(Records to use)
- - -
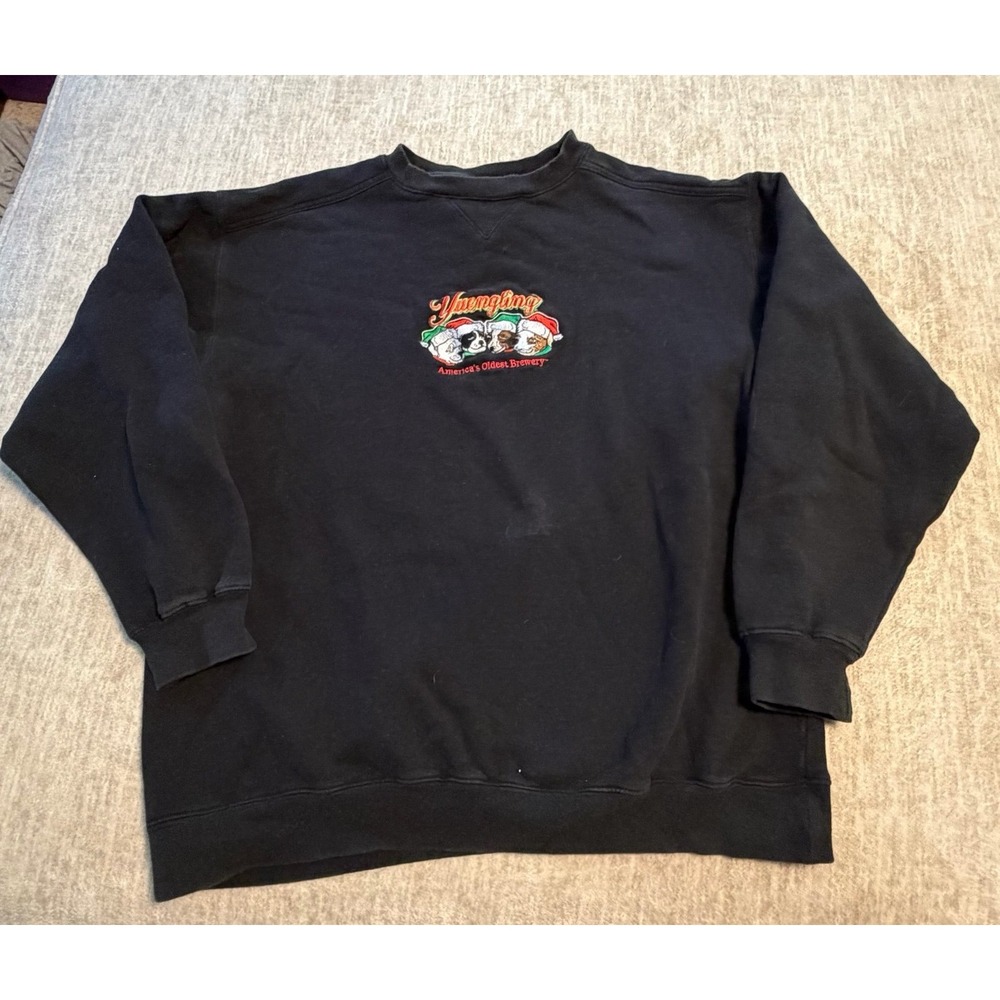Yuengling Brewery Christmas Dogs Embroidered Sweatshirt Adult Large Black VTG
- - -
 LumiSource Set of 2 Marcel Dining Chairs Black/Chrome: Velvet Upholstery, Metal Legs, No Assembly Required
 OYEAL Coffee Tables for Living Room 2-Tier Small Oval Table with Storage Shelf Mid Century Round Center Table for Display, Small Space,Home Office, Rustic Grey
- - -
(Task prompt) Please give an exact copy of the lines above, beginning with the line containing "LumiSource Set of" and running through the line containing "OYEAL Coffee Tables", and of no other lines.

(Written response)
 LumiSource Set of 2 Marcel Dining Chairs Black/Chrome: Velvet Upholstery, Metal Legs, No Assembly Required
 OYEAL Coffee Tables for Living Room 2-Tier Small Oval Table with Storage Shelf Mid Century Round Center Table for Display, Small Space,Home Office, Rustic Grey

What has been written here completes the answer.